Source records
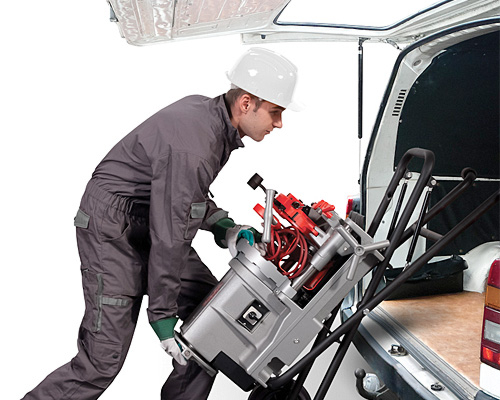 Станок для нарезания резьбы Ridgid погрузка фото
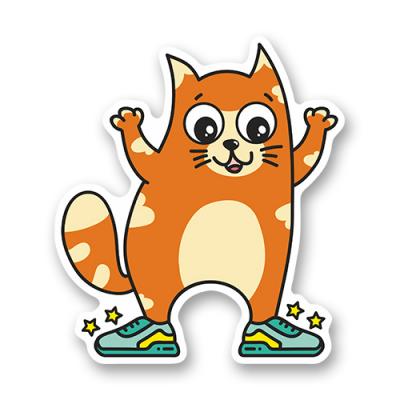 Стикер "Котик в кросах"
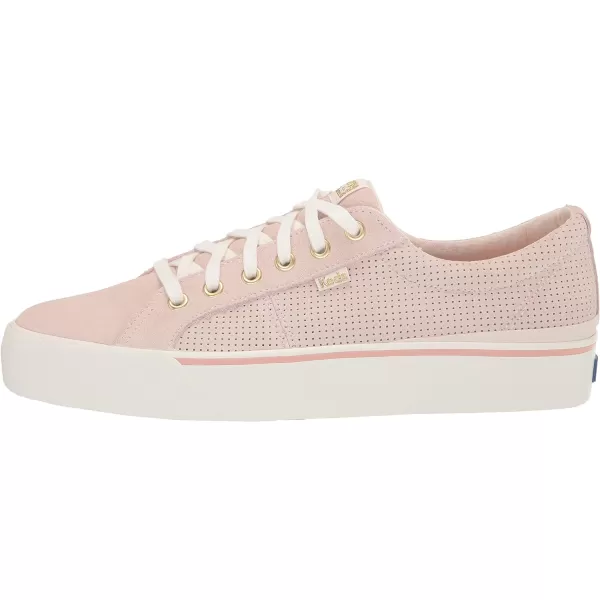 Keds Womens Jump Kick Duo Lace Up SneakerLight Pink Suede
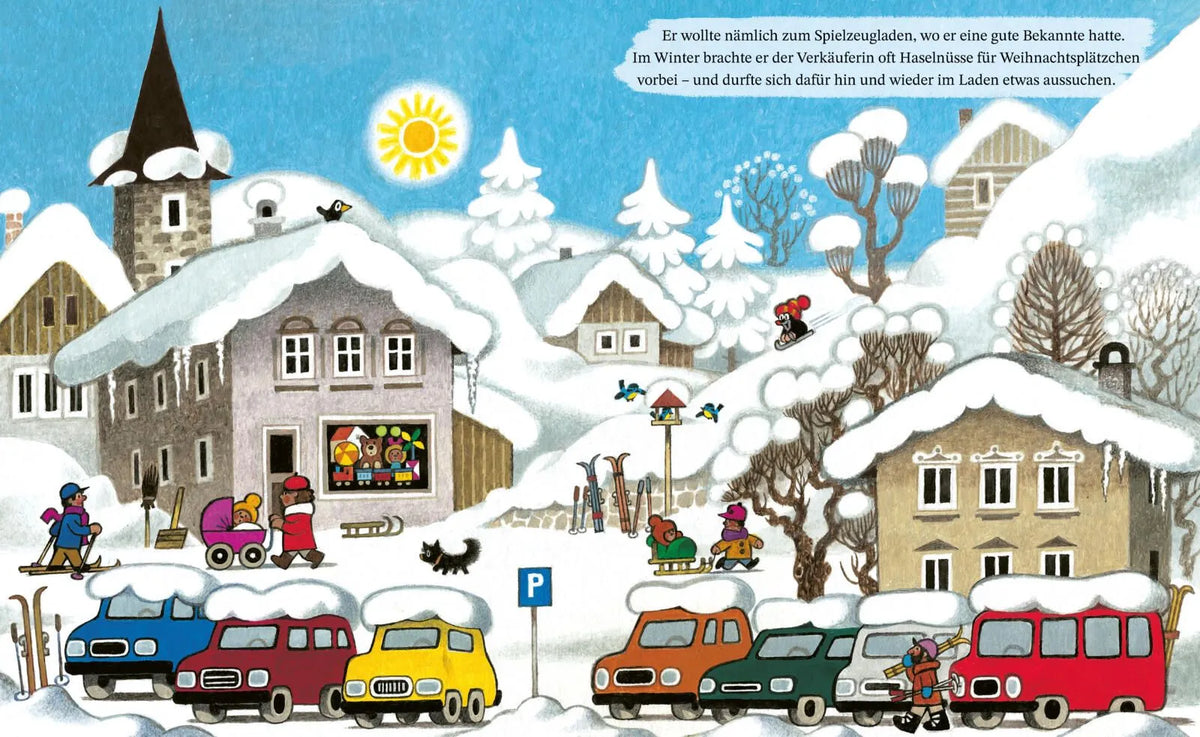 Detailansicht: Der kleine Maulwurf feiert Weihnachten (Hardcover)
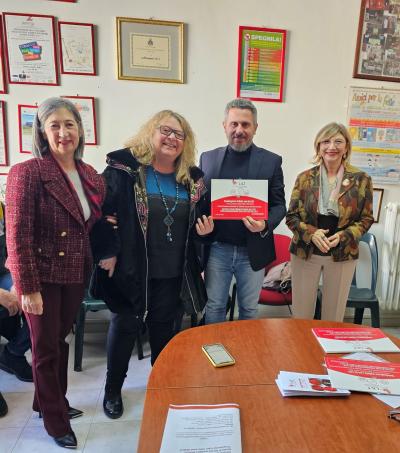 La docente Gizzi del Liceo Classico e Scientifico “F. D'Ovidio” di Larino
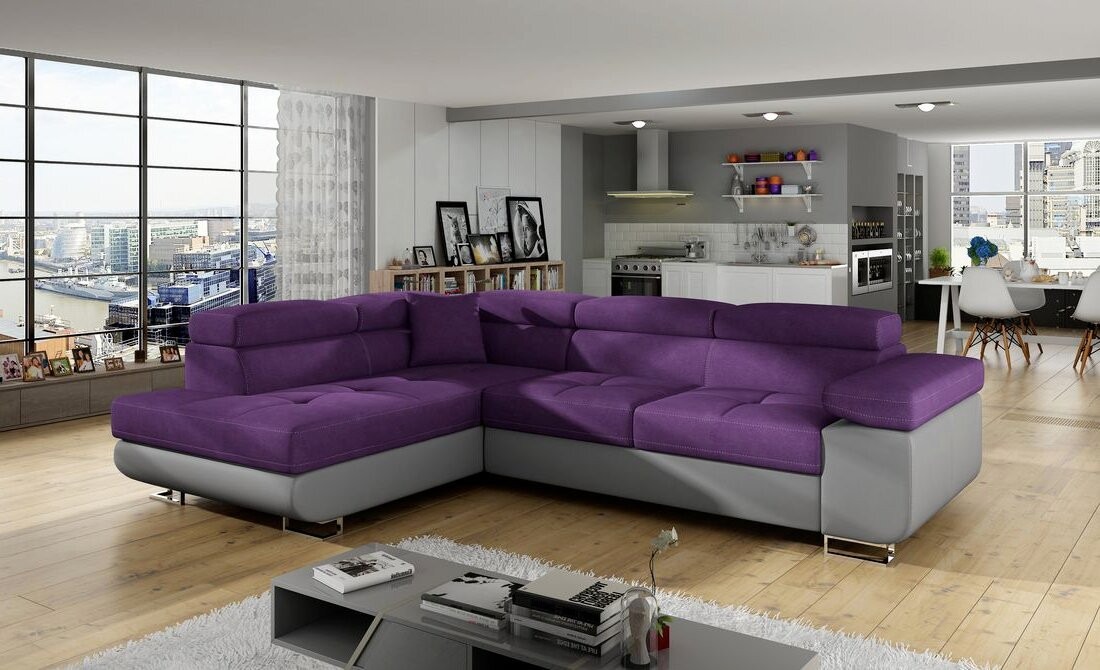 Worcester corner sofa bed with storage O65/S29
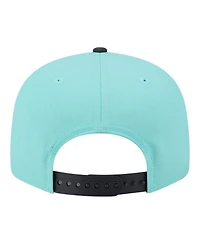 New Era Men's Turquoise/Charcoal Los Angeles Dodgers Two-Tone Color Pack 9FIFTY Snapback Hat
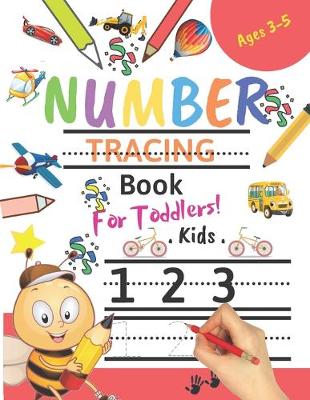 Book cover for Number Tracing Book for Toddlers Ages 3-5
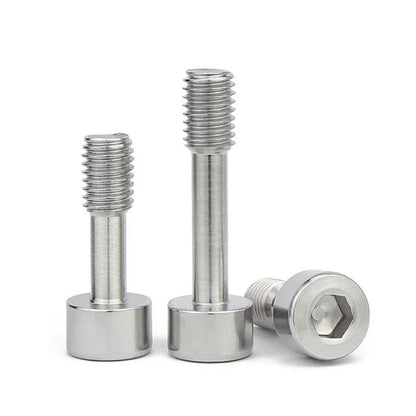 10pcs Smooth Hexagon Socket Captive Screws Short Head 304 Stainles Steel M2 M2.5 M3 M4 M5 M6 Half Thread Male Bolt Anti-Release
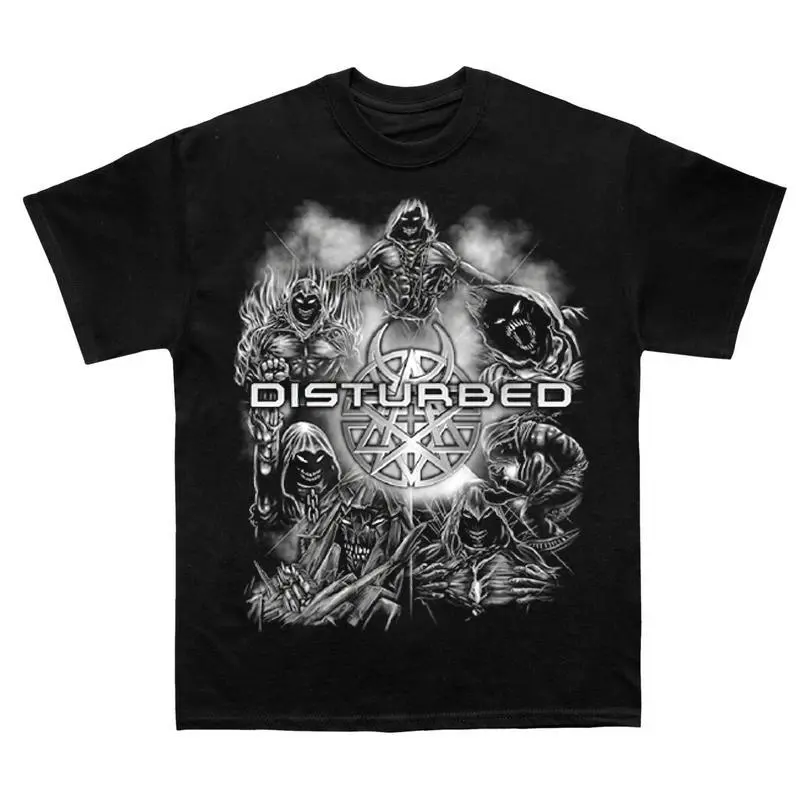 Disturbed Anthology Vintage Rock Band Tee T Shirt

• [PROBLEM DETAILS]: Give the records back exactly, with no pictures.

• [RESPONSE TO THIS TASK]:
 Станок для нарезания резьбы Ridgid погрузка фото
 Стикер "Котик в кросах"
 Keds Womens Jump Kick Duo Lace Up SneakerLight Pink Suede
 Detailansicht: Der kleine Maulwurf feiert Weihnachten (Hardcover)
 La docente Gizzi del Liceo Classico e Scientifico “F. D'Ovidio” di Larino
 Worcester corner sofa bed with storage O65/S29
 New Era Men's Turquoise/Charcoal Los Angeles Dodgers Two-Tone Color Pack 9FIFTY Snapback Hat
 Book cover for Number Tracing Book for Toddlers Ages 3-5
 10pcs Smooth Hexagon Socket Captive Screws Short Head 304 Stainles Steel M2 M2.5 M3 M4 M5 M6 Half Thread Male Bolt Anti-Release
 Disturbed Anthology Vintage Rock Band Tee T Shirt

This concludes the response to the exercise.